Saat ditawari produk “premium” seharga Rp. 5 dan produk “murah” seharga Rp. 4, sekitar 80% orang membeli produk “premium”. Namun ketika hadir produk ketiga “super murah” seharga Rp. 3, sekitar 80% orang membeli produk harga Rp. 4. Sisanya membeli harga Rp. 5. Tak ada yang membeli produk “super murah”. Selanjutnya ketika produk “super murah” seharga Rp. 3 ditarik dan diganti dengan produk “super premium” seharga Rp. 6, sebagian besar orang membeli produk “premium” seharga Rp. 5, sebagian kecil membeli produk “murah” Rp. 4 dan sebagian kecil lainnya membeli produk “super premium” Rp. 6. Artinya, tawarkan 3 alternatif paket harga pada pelanggan. Letakkan paket produk yang sebenarnya ingin anda jual pada pilihan ke dua.

5. Cicilan harian lebih murah dibanding cicilan bulanan

Anda bermaksud menjual jasa tv berlangganan secara bulanan? Coba tawarkan tarif Rp. 300 ribu per bulan. Di saat lain, tawarkan dengan harga Rp. 10 ribu per hari. Penelitian melaporkan sebagian besar orang lebih tertarik pada tawaran Rp. 10 per hari meski sebenarnya mereka membayar harga yang sama setiap bulannya, yaitu Rp. 300 ribu. Mengapa demikian? Tak mudah dijelaskan, namun orang lebih tertarik pada sesuatu yang tampak lebih terjangkau oleh mereka.
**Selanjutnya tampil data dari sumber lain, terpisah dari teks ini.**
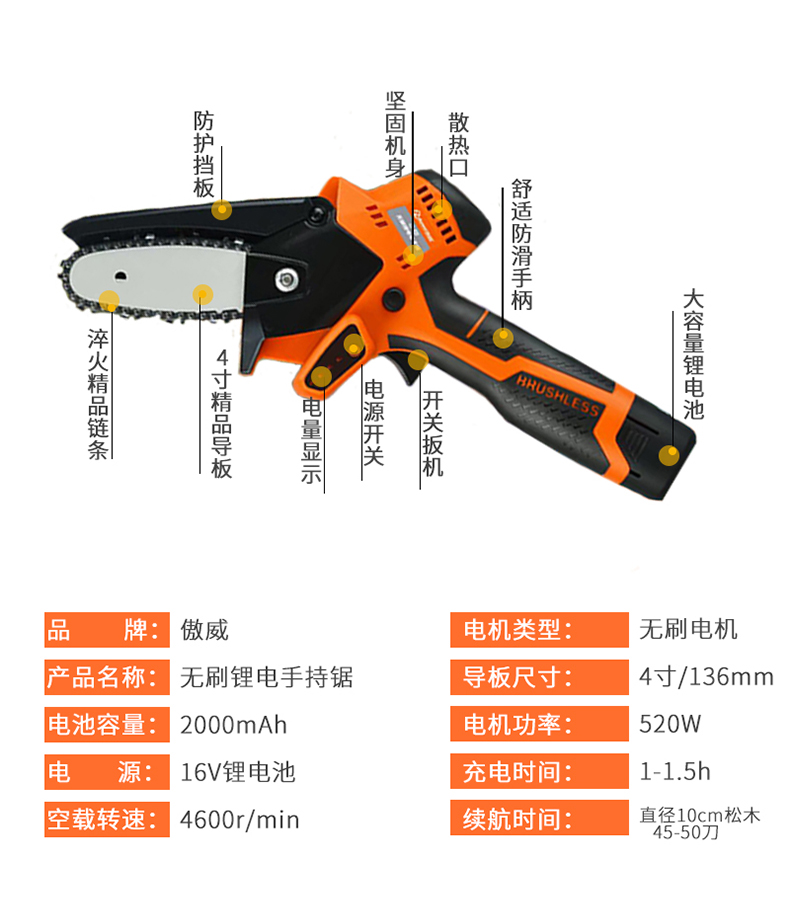 绳锯切割机使用方法图片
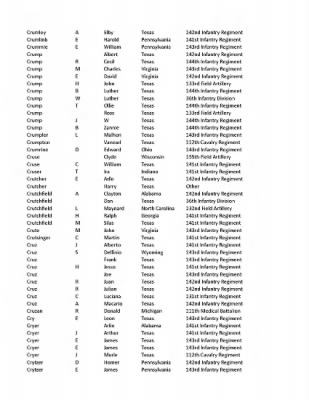 36th Infantry Division WWII Rosters > ␀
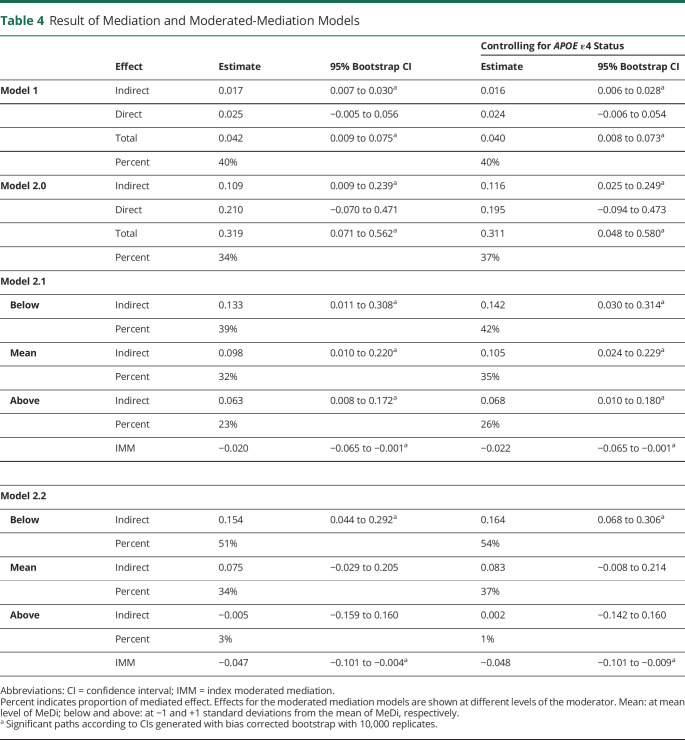 graphic file with name NEUROLOGY2020128397T4.jpg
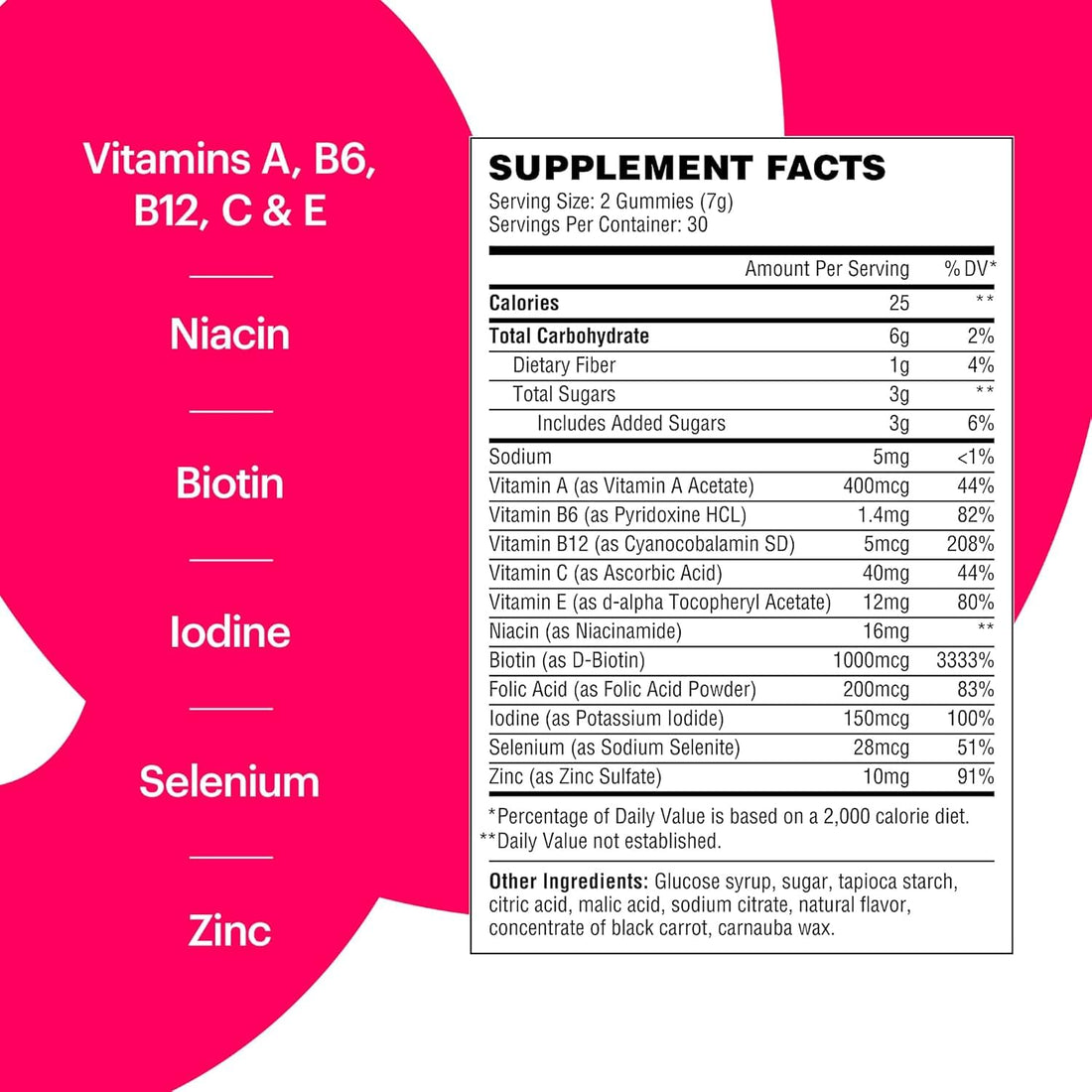 Daily Multivitamin Gummy, Vegan Chewable Vitamins for Women & Men with Zinc, Biotin, Selenium, and Niacin for Skin, Nail, and Hair Support (Raspberry Flavor, 30 Day)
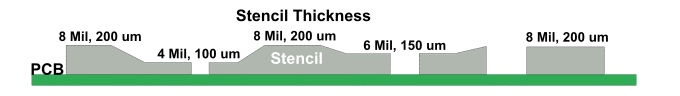 Cross-section of a step stencil showing thickness variations for mixed components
6. Harga Umpan untuk memancing pilihan

Ketika ditawari paket tv berlangganan dari provider (misal) IndoTV dan VisionTV, kebanyakan orang akan bingung untuk menentukan karena kedua paket tersebut sama-sama memberikan layanan yang sama. Namun ketika diberi pilihan A. IndoTV + gratis internet, B. IndoTV tanpa gratis internet dan C. VisionTV + gratis internet, kebanyakan orang akan memilih paket A, yaitu IndoTV + gratis internet. Sedikit yang memilih paket B dan C. Mengapa demikian? Karena orang sudah dapat membandingkan antara paket A dan B. Cara ini biasa disebut sebagai harga umpan untuk menuntun pelanggan memilih produk yang dituju.

7. Gengsi bisa menaikkan harga

Anda tahu berapa sesungguhnya biaya secangkir kopi? Ya, sekitar Rp. 5000. Namun mengapa Starbuck mampu menjualnya berkali-kali lipat lebih mahal dibanding di cafe lain? Jawabnya, adalah karena Starbuck bisa menaikkan gengsi pelanggannya. Ini yang disebut dengan perceived value. Tugas perusahaan melalui divisi marketingnya adalah menaikkan nilai persepsi pelanggan terhadap produk yang dijual. Semakin tinggi persepsi semakin tinggi harga yang bisa dijual. Jadi, mengapa anda bersedia membayar harga yang lebih mahal untuk sebuah nama Frappucino yang sebenarnya ia adalah cappucino campur?

Saat berhadapan dengan harga, tampaknya manusia tidak selalu bisa bersikap logis dan rasional. Itulah yang membuat proses penentuan harga jual produk atau jasa rumit dan memusingkan.